**WHAT YOU NEED TO DO**
Copy out all of the lines below exactly; the pictures do not belong in the copy.

** PROVIDED DATA follows **

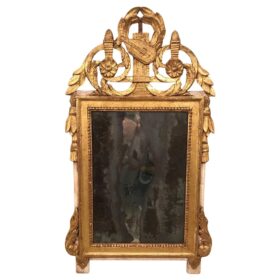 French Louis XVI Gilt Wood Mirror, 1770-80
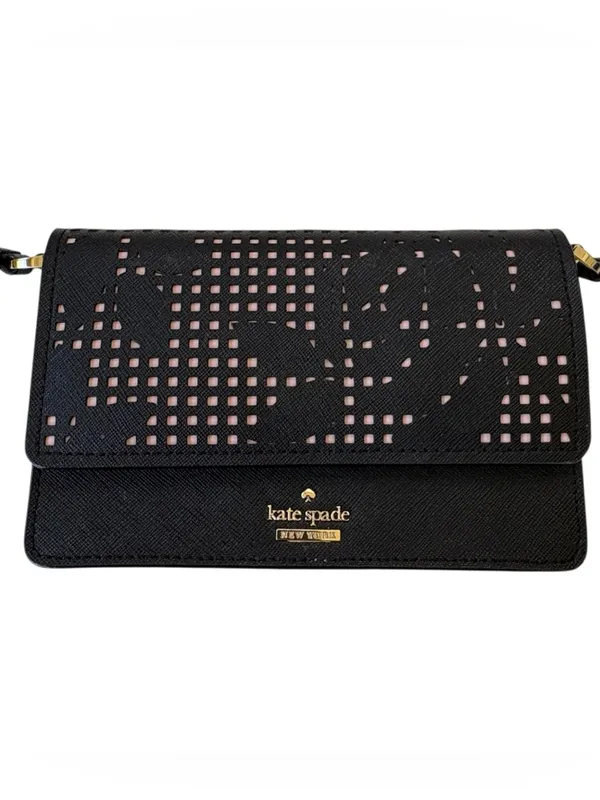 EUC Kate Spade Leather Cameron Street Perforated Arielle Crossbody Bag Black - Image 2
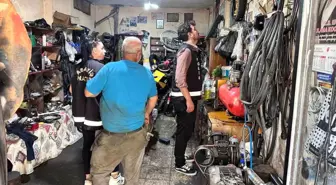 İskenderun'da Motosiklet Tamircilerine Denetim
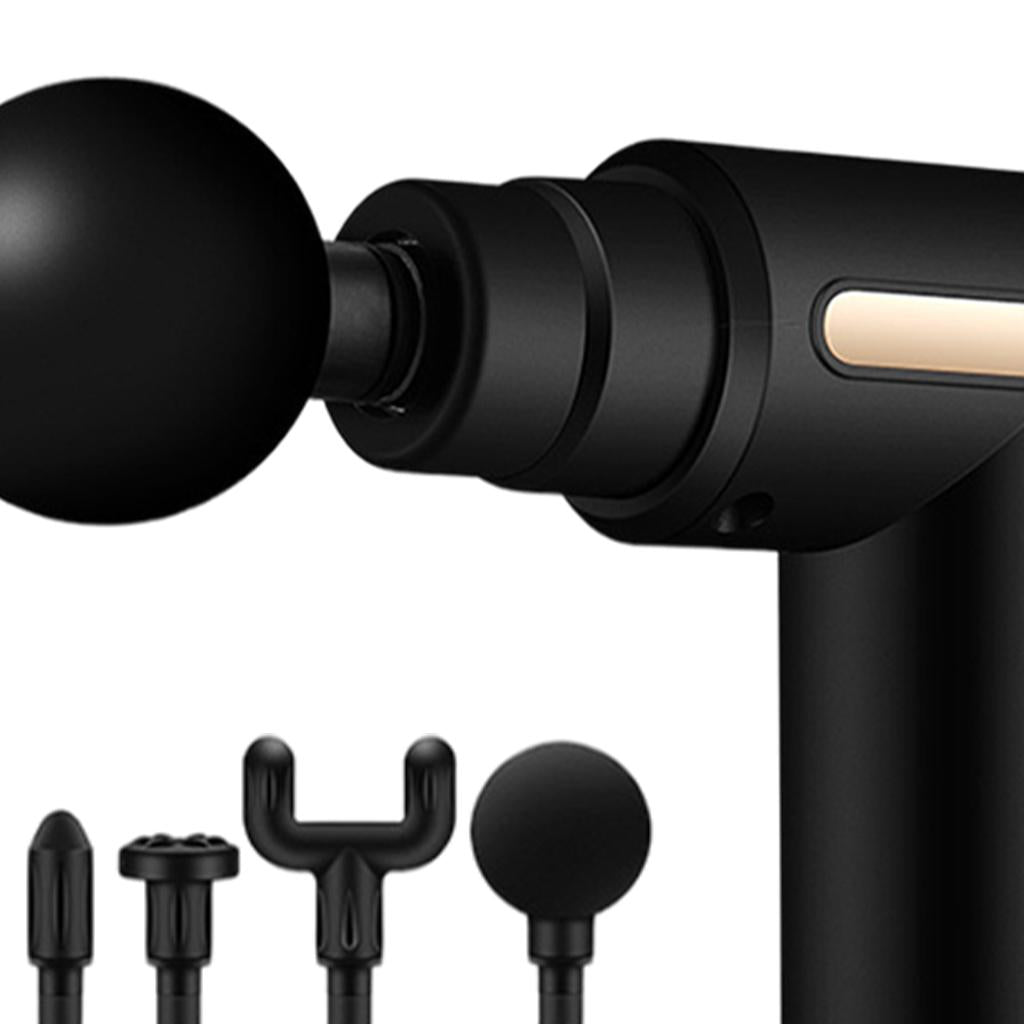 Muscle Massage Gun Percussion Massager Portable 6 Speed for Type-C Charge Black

** End of PROVIDED DATA **

**SOLUTION TO THE PROBLEM**
 French Louis XVI Gilt Wood Mirror, 1770-80
 EUC Kate Spade Leather Cameron Street Perforated Arielle Crossbody Bag Black - Image 2
 İskenderun'da Motosiklet Tamircilerine Denetim
 Muscle Massage Gun Percussion Massager Portable 6 Speed for Type-C Charge Black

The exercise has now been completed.